Who around the ATL area install's them and what brands are being used. I'am looking for a baffle style not radial and a professional install job on a 300rum sendero.
Thx.


----------



## Summersw (Dec 8, 2011)

I do not know about ATL but I have a guy in Macon if you are interested. He will put whatever kind you like and whatever thread pattern in safe for that 30 cal hole. ( most likely 9/16 X 24) 

PM me


----------



## germag (Dec 8, 2011)

Andy Gazaway in Alpharetta. He's done a bunch of that kind of work for me and he's good at it. 770 576-0011. He's usually not in the shop until after 1:00 pm. Plus...he doesn't take an eternity. You'll probably have it back in a week or so.


----------



## killitgrillit (Dec 8, 2011)

germag said:


> Andy Gazaway in Alpharetta. He's done a bunch of that kind of work for me and he's good at it. 770 576-0011. He's usually not in the shop until after 1:00 pm. Plus...he doesn't take an eternity. You'll probably have it back in a week or so.



germag, do you know what types of brakes he use's or will he install any type, specifically one that needs to be timed like the painkiller, holland etc.


----------



## germag (Dec 8, 2011)

killitgrillit said:


> germag, do you know what types of brakes he use's or will he install any type, specifically one that needs to be timed like the painkiller, holland etc.

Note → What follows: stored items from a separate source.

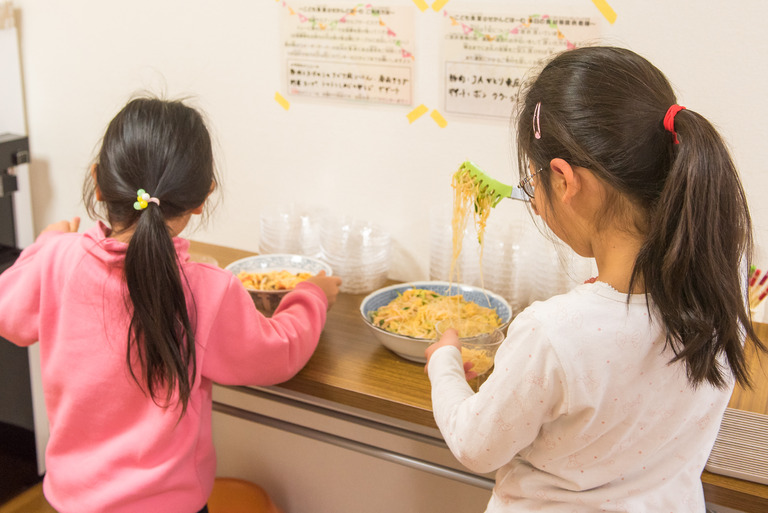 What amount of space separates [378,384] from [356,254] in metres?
0.52

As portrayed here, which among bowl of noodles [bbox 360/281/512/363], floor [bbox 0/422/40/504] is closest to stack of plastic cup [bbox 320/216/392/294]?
bowl of noodles [bbox 360/281/512/363]

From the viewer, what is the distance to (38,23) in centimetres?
242

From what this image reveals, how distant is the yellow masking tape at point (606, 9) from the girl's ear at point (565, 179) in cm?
79

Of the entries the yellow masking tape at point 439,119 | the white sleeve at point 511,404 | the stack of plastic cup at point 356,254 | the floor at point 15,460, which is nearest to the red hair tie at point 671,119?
the white sleeve at point 511,404

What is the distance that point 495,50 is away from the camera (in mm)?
1807

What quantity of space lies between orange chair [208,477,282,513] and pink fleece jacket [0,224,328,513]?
55cm

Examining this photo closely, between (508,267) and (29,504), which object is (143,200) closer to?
(508,267)

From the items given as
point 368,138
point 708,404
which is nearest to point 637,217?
point 708,404

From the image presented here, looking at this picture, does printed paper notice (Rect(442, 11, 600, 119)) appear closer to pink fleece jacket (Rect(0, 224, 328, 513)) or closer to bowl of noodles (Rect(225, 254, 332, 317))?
bowl of noodles (Rect(225, 254, 332, 317))

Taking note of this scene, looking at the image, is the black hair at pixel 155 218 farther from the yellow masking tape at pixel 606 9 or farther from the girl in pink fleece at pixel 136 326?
the yellow masking tape at pixel 606 9

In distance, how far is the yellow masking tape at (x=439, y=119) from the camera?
192 centimetres

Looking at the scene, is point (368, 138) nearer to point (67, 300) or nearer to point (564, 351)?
point (67, 300)

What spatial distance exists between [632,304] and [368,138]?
117 centimetres

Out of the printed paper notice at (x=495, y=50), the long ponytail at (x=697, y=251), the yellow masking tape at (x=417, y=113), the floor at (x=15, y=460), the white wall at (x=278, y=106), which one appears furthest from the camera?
the floor at (x=15, y=460) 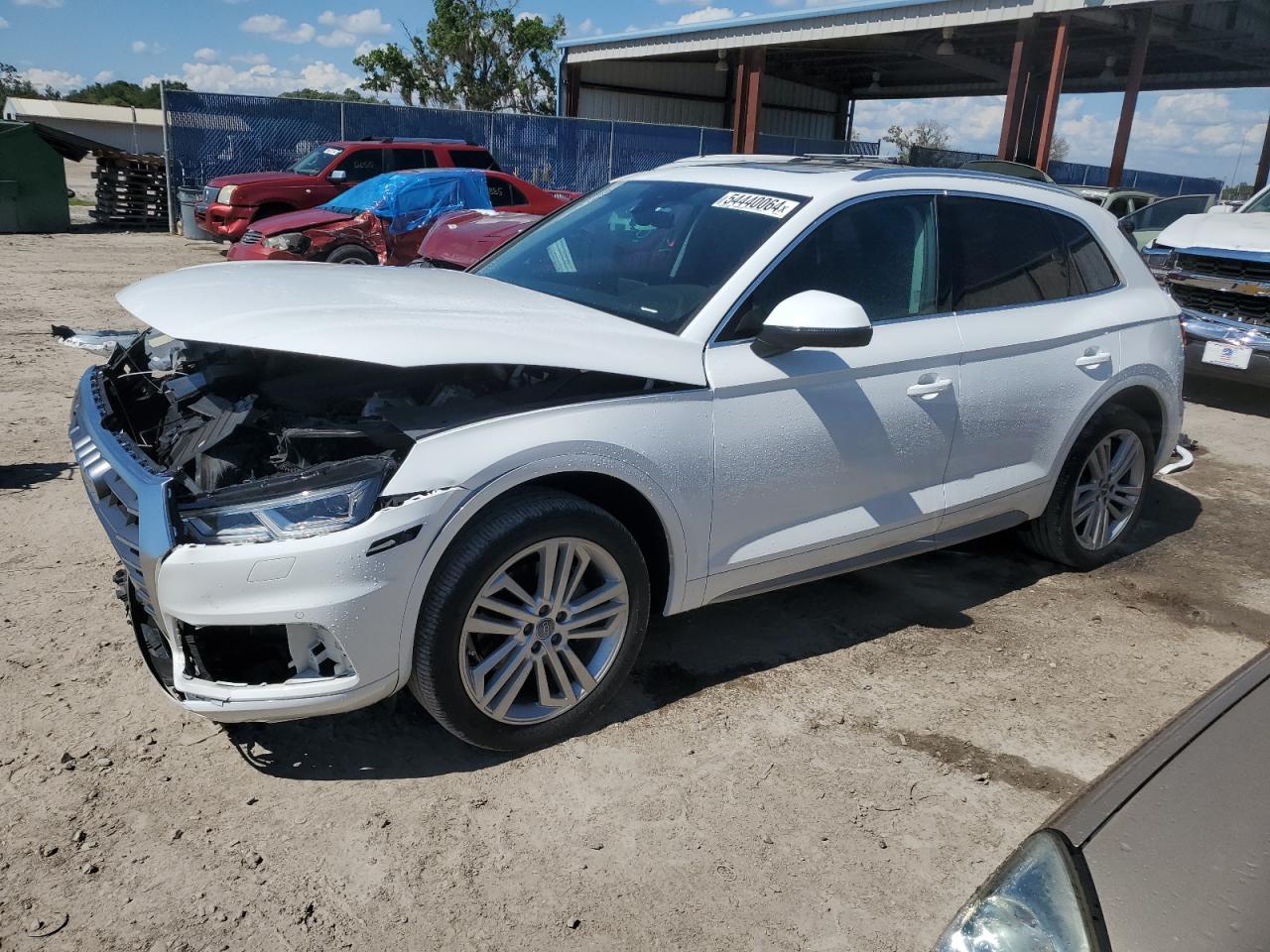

I always supply the brake myself. I'm sure he'll install anything...he might have to charge more if he has to time it, but I wouldn't think it would be a big problem. Call him tomorrow and talk to him about it. He's a nice guy and his prices are very reasonable. The last brake he installed for me, he threaded the barrel, installed the brake and turned it down to blend with the barrel and Parkerized it and made a Parkerized thread protector for me all for $120....and provided me with a tool to remove and install the brake with. It took him 1 week.


----------



## Flaustin1 (Dec 11, 2011)

What do yall mean by "timing" the brake?  Never heard of that.


----------



## germag (Dec 11, 2011)

It's similar to timing the screws on a fine old shotgun. You want that side-ported brake to be level...you don't want the ports cocked up and down at an angle, you want the porting straight out to the side. You also want the thing tight. The thread length as it comes is almost never going to work out like that, so you have to mill the brake to achieve that. If the threads are not bottoming out, you may have to cut the shoulder back until the brake is oriented correctly when it is threaded on and tightened down. If the threads are bottoming out, then you cut the threaded portion shorter (a little at a time) until it tightens down properly and is oriented correctly. With old shotguns, like old fine SxS and O/U shotguns, you'll notice that every screw has the slot oriented exactly the same way. That is called "timed" screws.


----------



## Flaustin1 (Dec 11, 2011)

Gotca.  I assumed that would be a standard practice of any reputable smith.


----------



## germag (Dec 11, 2011)

Well, yeah....it is. But they usually charge extra for brakes that need to be timed over those that don't because there's a lot of extra labor involved. A brake like a Vais or Harrel Precision or something like that doesn't need to be timed. It's just a matter of threading the barrel, installing the brake, maybe parkerizing or bluing the brake, maybe making and matching a thread protector.


----------



## The Godevil (Dec 12, 2011)

American Precision Arms in Jefferson,GA. makes one of the most effective muzzle brakes I've ever used.
http://www.americanprecisionarms.com/


Here's a video that demo's how effective it is.
http://www.youtube.com/watch?v=tMLMof4P8Hk


----------



## safebuilder (Dec 13, 2011)

x2 on Gazaway he does good work


----------



## dixiejacket (Dec 13, 2011)

*Gunsmith*

Call Brian at Ott Gun Works in Douglasville.  He does excellent work and would be glad to answer questions for you before you decided where to take your gun.


----------